AIM is pretty much dead.
Gtalk/Gchat is a confused product offering at best, awkwardly tying e-mail to chat with hard to find apps.
Not everyone is on iMessage because it's iOS only.
Blackberry waited far too long to bring BBM to other platforms.
Hipchat and Yammer are internal, leaving no way for me to give someone on the outside of my company a way to contact me.
So, really, before you even ask whether or not professionals need a secure messaging app, I'd suggest someone go about solving the professional messaging problem to start--and make secure messaging a feature.
LinkedIn is probably in the best position to do this, although I wouldn't count out Blackberry. I mean, if you just started out today and you could either be Confide, or BBM, and you could add secure messaging to BBM, who would you rather be? There's still an installed base there, a good brand. Unfortunately, being tied to the sinking brick that is RIM may be too much for BBM to escape from.
LinkedIn's problem is that the social graph I added to LinkedIn.com is probably not the social graph of people I want messaging me--so they'd have to use their network as a channel, but the would need to allow users to create tighter circles. That was the Facebook Places problem. With Foursquare, you knew what being friends meant. When Facebook asked me to checkin to a place, I had to rethink whether I really wanted all of these people I went to elementary school with or my family knowing where I was all the time. If you create a network you have to be clear what adding people to that network means. Still, even if LinkedIn just used its reach as a channel, it could be a professional mobile messaging juggernaut.

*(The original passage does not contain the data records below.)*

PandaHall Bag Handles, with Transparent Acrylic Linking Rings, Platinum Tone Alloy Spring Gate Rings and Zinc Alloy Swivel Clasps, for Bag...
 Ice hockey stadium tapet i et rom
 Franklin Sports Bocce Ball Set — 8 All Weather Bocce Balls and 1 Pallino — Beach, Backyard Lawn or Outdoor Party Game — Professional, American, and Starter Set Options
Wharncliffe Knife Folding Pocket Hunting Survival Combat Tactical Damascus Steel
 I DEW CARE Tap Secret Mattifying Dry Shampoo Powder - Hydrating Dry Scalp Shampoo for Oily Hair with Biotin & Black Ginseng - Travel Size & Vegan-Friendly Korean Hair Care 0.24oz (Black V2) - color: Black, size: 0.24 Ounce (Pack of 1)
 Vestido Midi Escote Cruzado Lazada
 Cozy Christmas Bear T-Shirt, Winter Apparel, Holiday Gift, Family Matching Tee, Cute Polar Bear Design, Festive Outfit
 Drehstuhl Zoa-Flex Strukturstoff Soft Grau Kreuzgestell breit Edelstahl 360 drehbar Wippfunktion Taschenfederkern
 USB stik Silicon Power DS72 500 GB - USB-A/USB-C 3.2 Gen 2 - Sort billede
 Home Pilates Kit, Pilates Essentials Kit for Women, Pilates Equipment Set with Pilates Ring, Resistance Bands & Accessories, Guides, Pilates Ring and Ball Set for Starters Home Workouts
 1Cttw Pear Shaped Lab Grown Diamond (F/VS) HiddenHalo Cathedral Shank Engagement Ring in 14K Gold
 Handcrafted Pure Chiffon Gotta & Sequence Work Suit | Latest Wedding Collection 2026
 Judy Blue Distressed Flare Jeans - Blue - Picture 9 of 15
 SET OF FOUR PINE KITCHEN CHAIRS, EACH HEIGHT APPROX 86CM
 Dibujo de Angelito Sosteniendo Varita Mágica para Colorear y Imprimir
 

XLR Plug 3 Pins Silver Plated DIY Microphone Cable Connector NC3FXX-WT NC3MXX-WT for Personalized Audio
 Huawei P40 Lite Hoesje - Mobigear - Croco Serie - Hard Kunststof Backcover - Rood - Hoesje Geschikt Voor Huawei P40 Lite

Maybe they buy Confide--because watching them develop new internal products is like watching paint dry. Their products are awesome, but there doesn't seem to be a skunkworks over there ready to jump on bandwagons.
If Confide is going to gain mainstream professional adoption, I think it actually needs to move away from the secure use case and branding. The branding is too suspicious. Would you want your significant other to have the Confide app on their phone? Who are they secretly messaging and why? Rather, I'd make the messaging and the brand a lot more mainstream and just use the security as a killer feature. This isn't an area where I see a bunch of secretive driving mainstream adoption--not when it looks gray to even admit that you have it and use it.
In my mind, professional messaging is a huge opportunity--and it's not likely that any of the existing players are going to get it right, but I don't think being Snapchat-like is the narrow point of the wedge.